Problem:
Retype all data exactly as given. Pictures should not be retyped.

START Recorded information

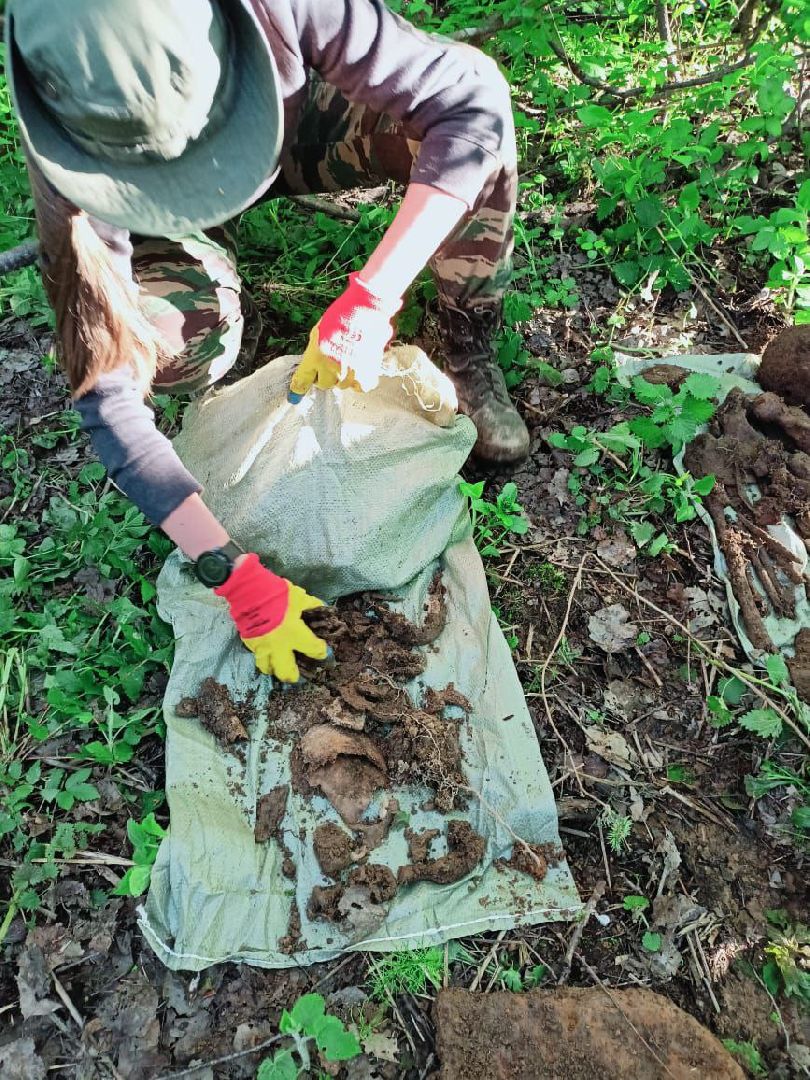 Вахта Памяти 2024, Память войны, великая отечественная война, битва за Москву, клуб Илья муромец, вахта памяти раскопки,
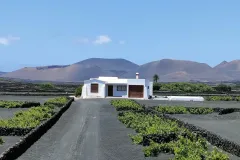 IMG20230514142813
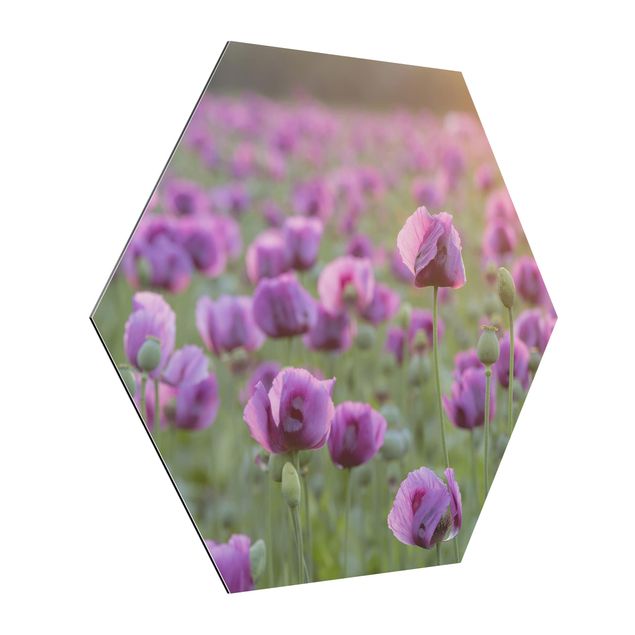 Alu-Dibond hexagon - Purple Poppy Flower Meadow In Spring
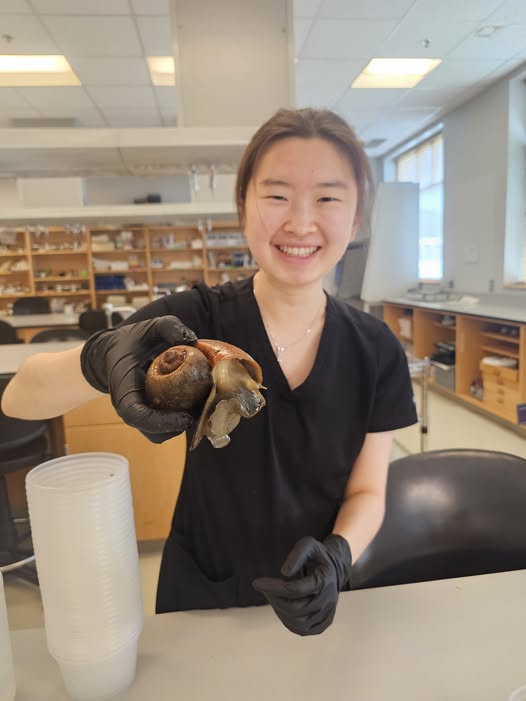 MGA biology student holds a snail in a lab.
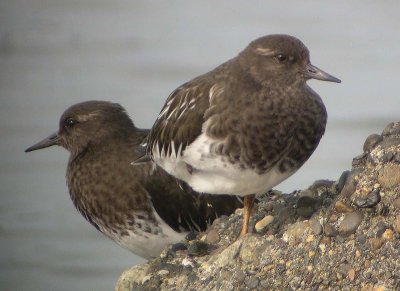 Black Turnstone 163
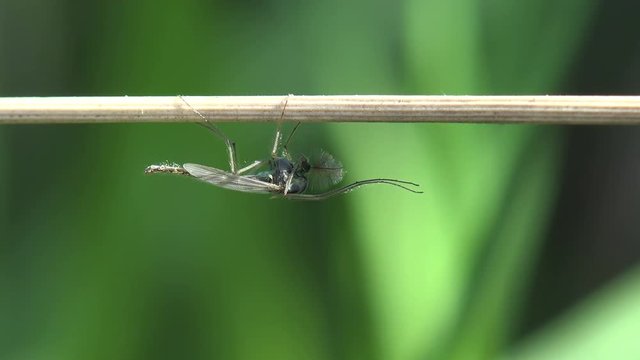 Insect macro, Mosquito on leaf. Mosquitoes are of family Culicidae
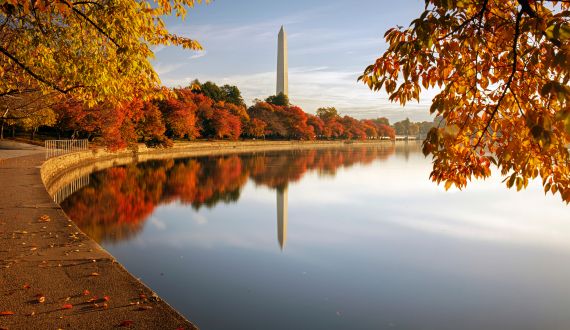 Washington D.C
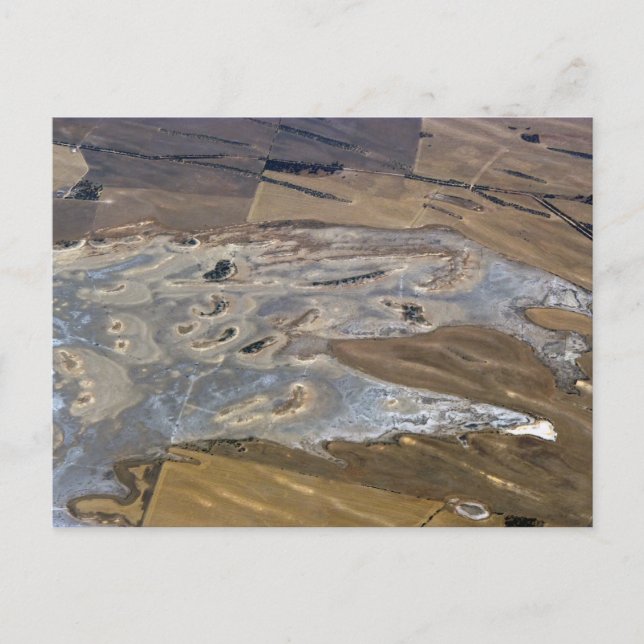 Carte Postale animal abstrait (Devant)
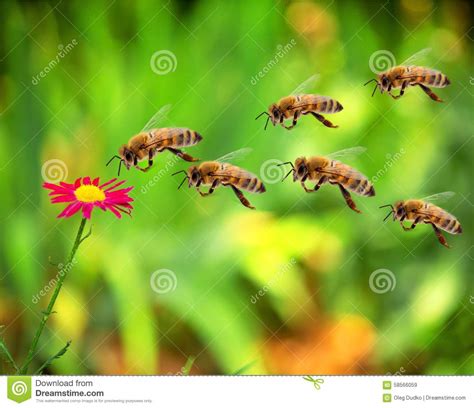 Can bees trust people?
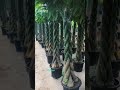 Tanaman hias dalam greenhouse tumbuh lebih sehat dan bernilai tinggi. 🌱✨#TanamanHias #Greenhouse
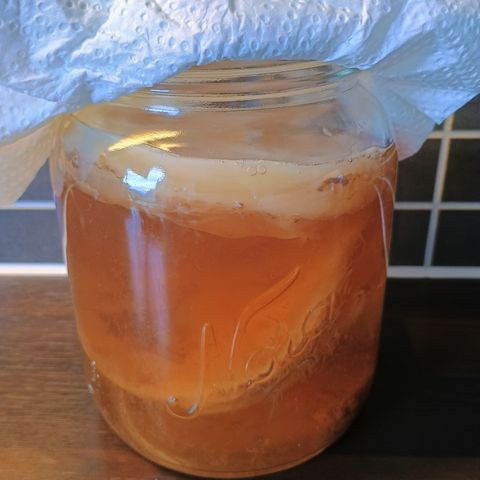 Kombucha scoby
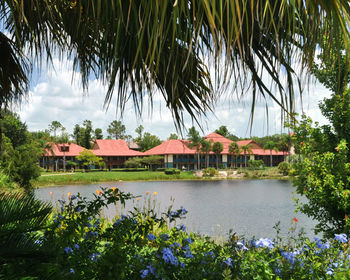 Scenic view of lake by palm trees against sky
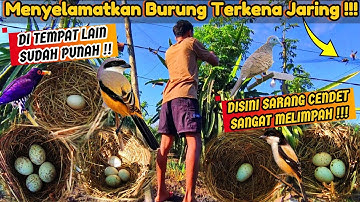 Kalian Semua Pasti Iri Melihat Ini !! Sarang Burung Ini Sangat Melimpah || Mencari Sarang Burung‼️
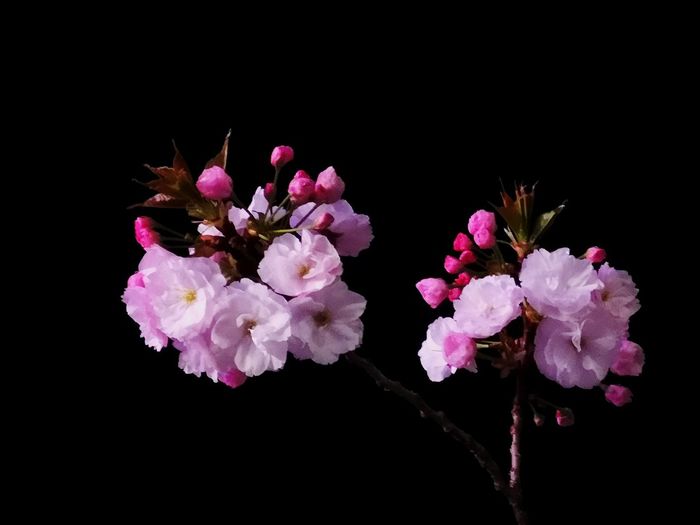 Close-up of pink cherry blossom against black background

END Recorded information

Response:
 Вахта Памяти 2024, Память войны, великая отечественная война, битва за Москву, клуб Илья муромец, вахта памяти раскопки,
 IMG20230514142813
 Alu-Dibond hexagon - Purple Poppy Flower Meadow In Spring
 MGA biology student holds a snail in a lab.
 Black Turnstone 163
 Insect macro, Mosquito on leaf. Mosquitoes are of family Culicidae
 Washington D.C
 Carte Postale animal abstrait (Devant)
 Can bees trust people?
 Tanaman hias dalam greenhouse tumbuh lebih sehat dan bernilai tinggi. 🌱✨#TanamanHias #Greenhouse
 Kombucha scoby
 Scenic view of lake by palm trees against sky
 Kalian Semua Pasti Iri Melihat Ini !! Sarang Burung Ini Sangat Melimpah || Mencari Sarang Burung‼️
 Close-up of pink cherry blossom against black background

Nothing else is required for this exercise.